# My New Ride!



## sdw5012 (May 16, 2009)

I finally pulled the trigger tonight on a TCR Advanced 1! The shop was having an anniversary sale and I couldn't pass up the opportunity to pick up this bike at a nice price point. Unfortunately I wasn't planning on buying anything and rode my motorcycle to the shop.....so it's still sitting in the showroom :mad2: and the shop isn't open Wednesdays! 
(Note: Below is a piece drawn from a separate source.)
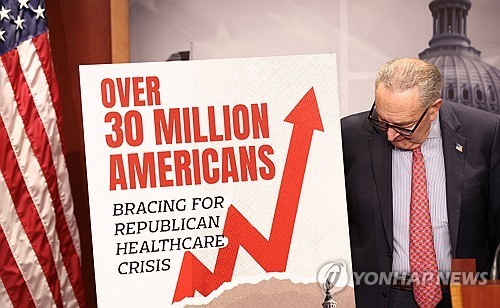 오바마케어 보조금 중단에 보험료 폭등 수순 지난해 12월 11일(현지시간) 미국 워싱턴DC의 연방의회 의사당에서 민주당 척 슈머 상원 원내대표가 건강보험법 상원 표결과 관련해 기자회견을 진행하는 모습.[로이터=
The TCR was the one bike I never rode. I rode the C'dale Synapse and Supersix, Specialized Tarmac, and a few of the Madones. All I have to say is from the instant I pedaled this bike my mind was made up. I probably looked like a little kid on christmas riding around the parking lot and on the test track with a goofy smile on my face! Can't wait to head back on Thursday and get it all set up!


----------



## sdw5012 (May 16, 2009)

Does anyone know much about the DT Swiss wheels that come stock on the bike?


----------



## Guest (May 3, 2011)

sdw5012 said:


> All I have to say is from the instant I pedaled this bike my mind was made up. I probably looked like a little kid on christmas riding around the parking lot..


That is exactly how I looked after my first ride and right before I bought my TCR Advanced. They are awesome bikes!


----------



## Wildcard (Apr 29, 2011)

Post some pics when you get some, I am still tossing up between the Specialized Tarmac and The Giant TCR Advanced.


----------



## sdw5012 (May 16, 2009)

I'll get some pics Thursday after I pick it up. 
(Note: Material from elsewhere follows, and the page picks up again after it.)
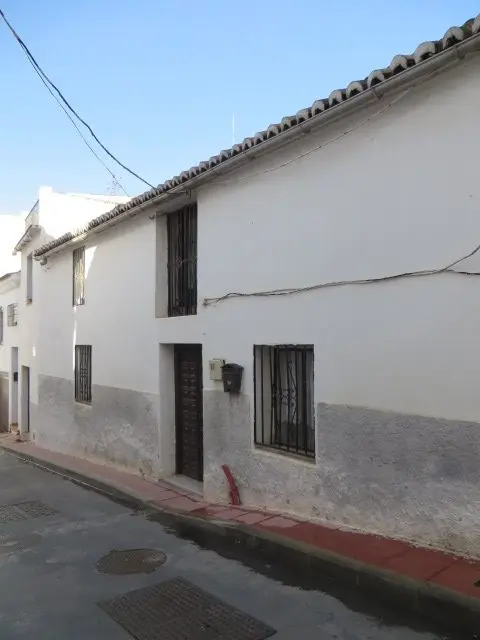 Calle Moral, 10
Regarding the Tarmac vs the TCR, from my experience on both bikes the TCR seemed stiffer and more responsive. Now this is comparing the TCR 1 to the Tarmac Comp with Rival. I'm not sure how the frames vary between the different levels of that bike and a higher spec Tarmac may provide a different ride.


----------



## sw150 (Jul 29, 2009)

Congrats. I love my TCR. Mine came with Shimano RS80's on it.


----------



## sdw5012 (May 16, 2009)

The only thing that worries me a little is the standard double vs my old bike with a compact crank....anyone else have any experience making this switch?


----------



## Wildcard (Apr 29, 2011)

I was looking at the Tarmac Comp with Ultegra so I would imageine they would be very comparable. Still got a few months before I will have the founds though, so will most likly wait till the 2012 models arrive before I start testing them.


----------



## willieboy (Nov 27, 2010)

Congrats on the new purchase. Giant makes a great bike and I'm sure you will love it. Enjoy!


----------



## sdw5012 (May 16, 2009)

I was looking at the bikes a bit more and I ended up purchasing the Advanced 2. I rode a defy which had the 105 shifters and shimano definitely has upgraded the 105's. I'd say the new 105's are as crisp as the older version of Ultegra (the beauty of trickle down technology). For me racing in an occasional triathlon but mostly as a recreational rider I didn't feel the need for the extra performance (or cost) of the Advanced 1.


----------



## Wildcard (Apr 29, 2011)

Very Nice, only major difference from what I hear is weight between 105 and ultegra. THe white looks good, hope you enjoy it!!


----------



## sdw5012 (May 16, 2009)

Put my first 25 miles on today! It was a combination of riding into work and getting a quick ride in over lunch. The bike is very comfortable! My average speed is already higher than my old bike but that might just be the adrenaline pumping from being on a new bike :thumbsup: .....but I'm thinking I may need to get myself a compact crankset. I believe Giant has their own sizing.....can anyone offer advice on what I'd need? The long extended climbs really got to me today. Not only did my old bike have a compact crank but the cassette went 12-27. This one is 11-25 I think.


----------